MHP Tokat Milletvekili Reşat Doğru, TİKA’nın AKP iktidarında önce adının değiştirildiğini, sonra kurumun amacı dışına çıkarak, Türk dünyasının dışında da faaliyetlerde bulunduğunu söyledi.
Türk dünyasında ve Avrupa’da yaşayan Türkler’in çeşitli sorunlarla karşı karşıya olduğunu dile getiren Doğru, “Kerkük, Musul, Telafer’de Türkler büyük baskıyla karşı karşıya. Doğu Türkistan’da katliamlar yapılıyor. Türkiye, buralardaki sorunları uluslararası kamuoyunun gündemine taşımalı” dedi.
Doğru, Yurtdışı Türkler ve Akraba Topluluklar Başkanlığı’nın daha aktif hale gelmesi ve TİKA’nın boşluğunu doldurması gerektiğini ifade etti.
2014 Yılı Merkezi Yönetim Bütçe Kanunu Tasarısı’ndaki TİKA ve Yurtdışı Türkler ve Akraba Toplulukları Başkanlığıyla ilgili söz almış bulunuyorum. Yüce Meclisi saygıyla selamlıyorum.
TİKA yani Türk İşbirliği ve Kalkınma İdaresi ve Yurtdışı Türkler ve Akraba Toplulukları Başkanlığı 1990’lı yıllarda Orta Asya’da bağımsızlığını kazanan Türk devletlerinden sonra kurulmuştur.
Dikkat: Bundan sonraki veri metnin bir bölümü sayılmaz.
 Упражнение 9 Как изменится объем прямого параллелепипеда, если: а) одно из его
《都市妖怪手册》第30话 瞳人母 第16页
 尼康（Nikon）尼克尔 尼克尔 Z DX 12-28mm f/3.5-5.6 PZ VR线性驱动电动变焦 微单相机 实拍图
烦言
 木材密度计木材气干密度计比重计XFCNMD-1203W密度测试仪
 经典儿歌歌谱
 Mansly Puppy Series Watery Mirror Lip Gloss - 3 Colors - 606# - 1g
Kuruldukları zamandan itibaren de çok önemli hizmetler yapmışlardır. Kuruluşlarının amacı, Türk dünyası ile ilişkilerin geliştirilmesi ve yaşadıkları coğrafyada onlara yardım ve öncülük yapılması idi. Ancak TİKA, AKP iktidarı ile birlikte, önce adını, sonra faaliyetlerini değiştirerek kuruluş amacının dışına maalesef çıkmıştır. TİKA, 1992 yılında kurulurken Türk dünyasında faaliyet gösterecek, oralardaki soydaşlarımıza yardım edecekti. Ancak son on bir yılda bu böyle olmamış, amacı dışına çıkmış, dünya devletlerine yardım kuruluşu hâline getirilmiştir.
Kuruluşunda, nerede Türk varsa oraya ulaşılacaktı. Türkiye sevdirilecek, Türk sevdirilecek, ortak tarih, edebiyat, ortak alfabe oluşturulacak, birliktelikler sağlanacaktı. Ancak bunların birçoğu ya olmamış ya da başka baharlara bırakılmıştır.
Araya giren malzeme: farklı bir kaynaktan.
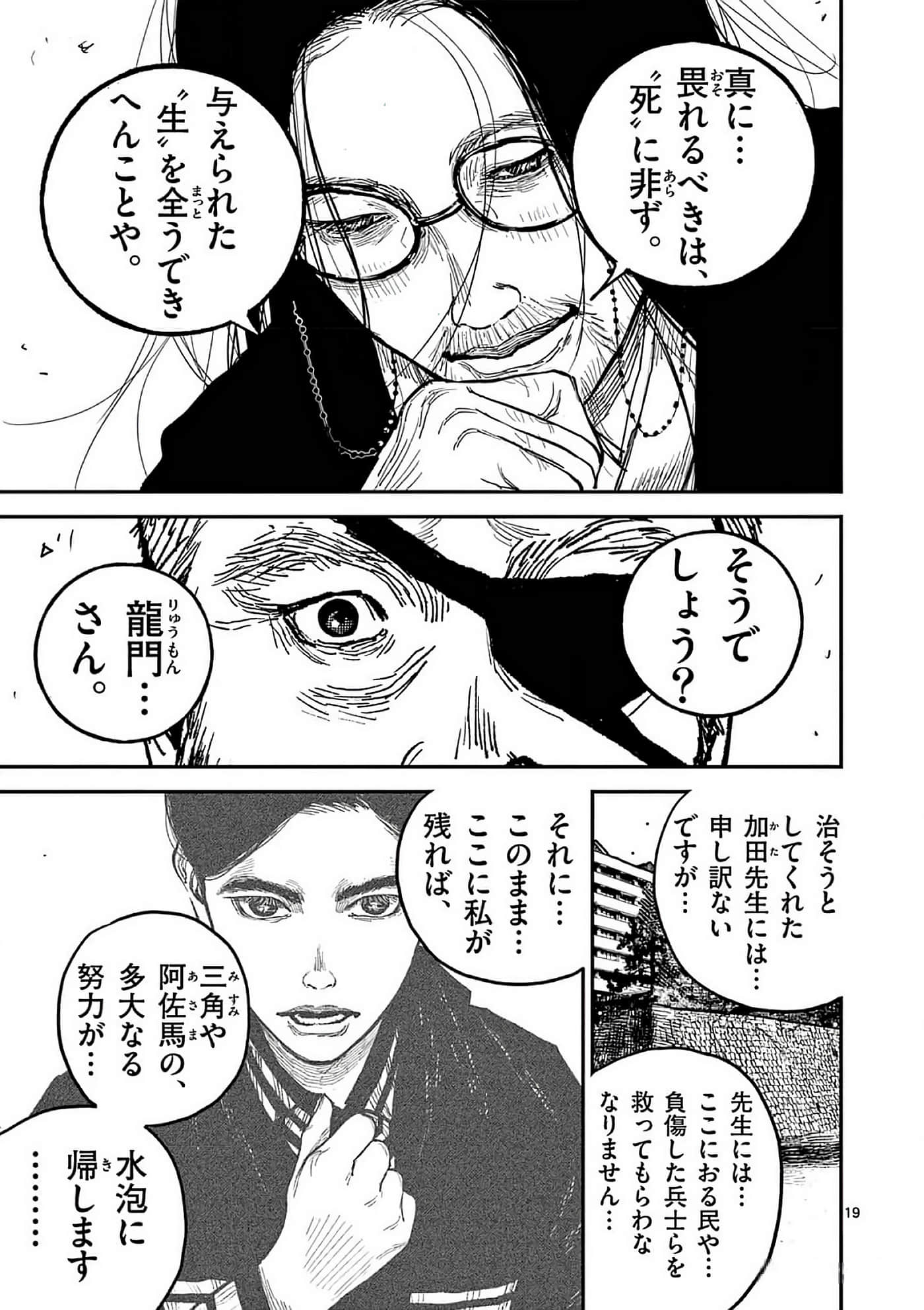 第 178 页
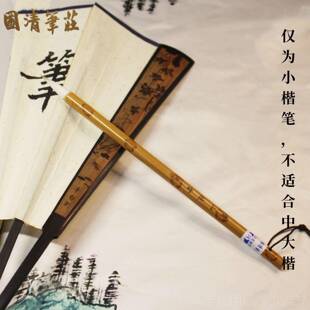 高档青山雪小楷书画毛优笔国清笔庄自制质挂兼毫经典笔陈书法抄经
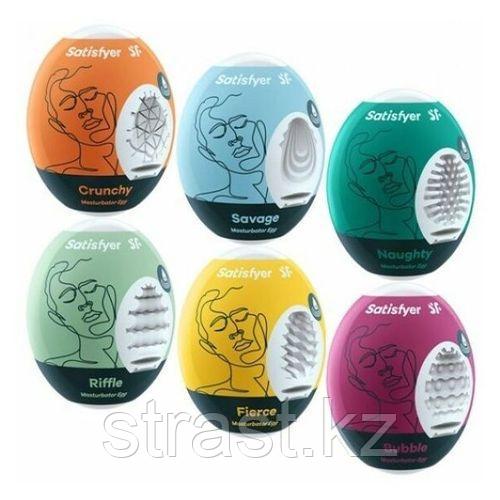Satisfyer Egg  - Инновационный влажный мастурбатор-яйцо, 7х5.5 см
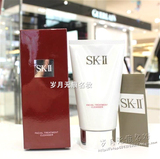 专柜55折 SK-II/SKII/SK2护肤洁面霜120g 氨基酸洁面乳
Çeşitli ülkelere yardım faaliyetlerine geçilmesi, son zamanlarda, tabii ki TİKA’yla ilgili birtakım iddiaların da ortaya çıkmasına ve ortaya atılmasına sebep olmuştur. TİKA, faaliyetlerinin büyük kısmını yurt dışında yaptığı için denetim konuları da çeşitli mahfillerde artık gündeme gelmeye başlamıştır. Harcanan para, kullanılan para çok büyük miktarlardadır. Haklı olarak Türkiye Büyük Millet Meclisindeki bütün milletvekilleri ve Türk halkı, paraların nerelere, nasıl harcandığını öğrenmek istemektedir. Bu bakımdan, TİKA’nın yurt dışında gerçekleştirdiği ihale, yatırım, ödeme ve benzeri faaliyetleriyle ilgili bilgi verilmesi gereken çeşitli iddialar vardır. Bu iddialarla ilgili olarak milletvekilleri çeşitli kereler soru önergeleri vermişlerdir ancak kapsamlı, açıklayıcı cevaplar verilmediği de ortadadır.
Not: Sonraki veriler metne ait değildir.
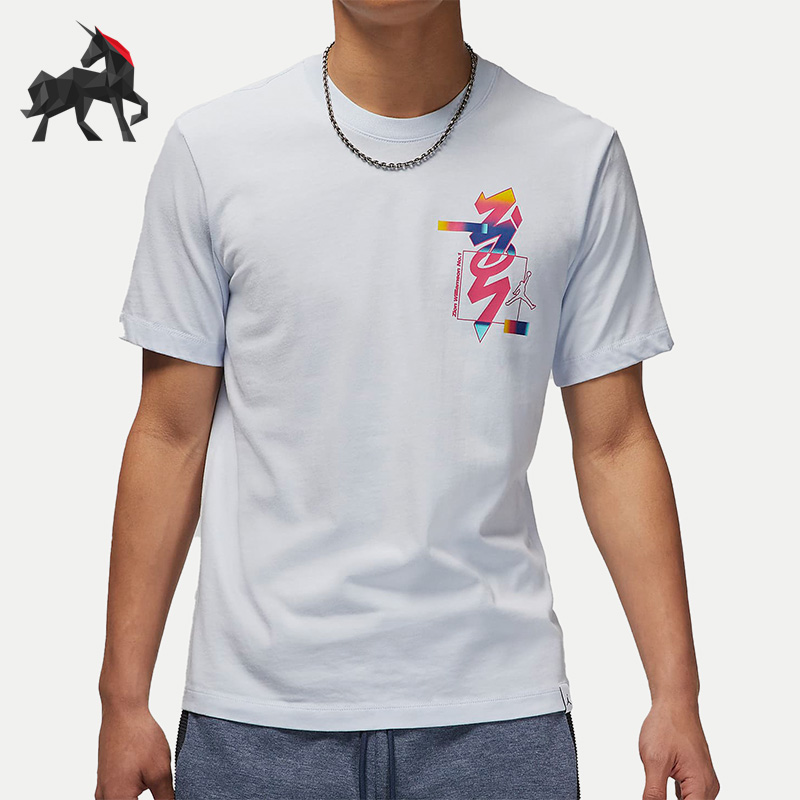 Nike/耐克正品男子篮球短袖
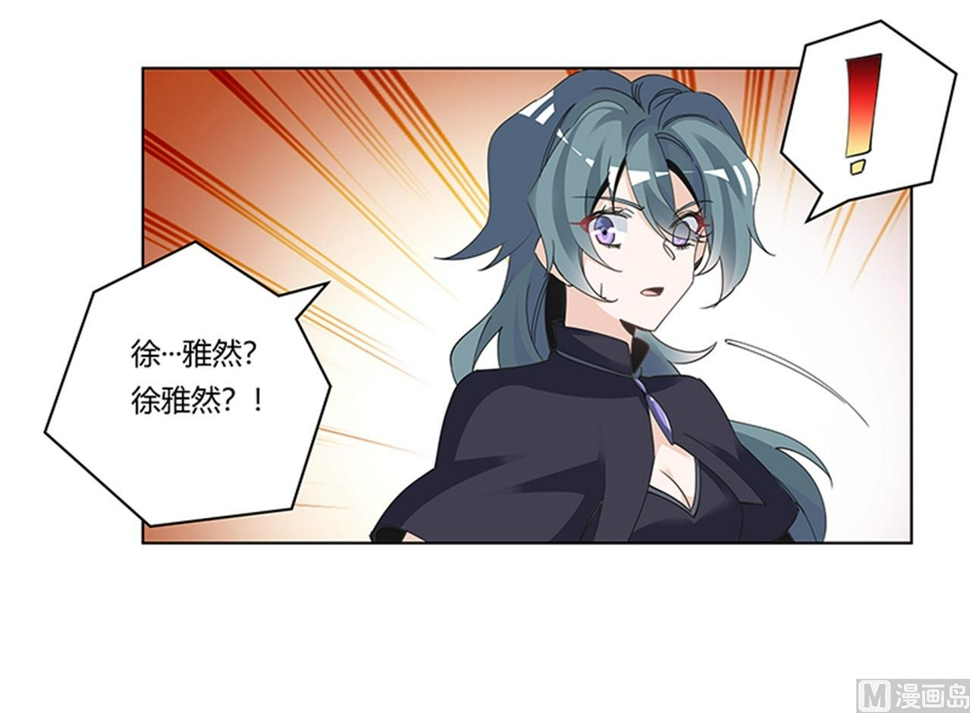 首席的萌妻韩漫全集-第265话 七色花无删减无遮挡章节图片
Milletvekilleri olarak şu soruların sorulmasını istiyoruz: TİKA kapsamında gerçekleştirilen, yurt dışındaki ihalelerde yasal mevzuata uygun davranılıyor mu, davranılmıyor mu? İhaleleri hangi şirketler alıyor? Aynı işler için verilen diğer teklifler var mıdır? TİKA’nın yurt dışında gerçekleştirilen projeleri için satın alınan hizmet ya da malzemelere ne kadar para ödeniyor? Devletlere çeşitli yardımlar yapılırken acaba hangi kriterlere göre oralara paralar veriliyor? Siyasi amaçlarla bunları yapılıyor mu, yapılmıyor mu? Bu soruları milletimiz adına, milletvekillerimiz adına öğrenmek istiyoruz.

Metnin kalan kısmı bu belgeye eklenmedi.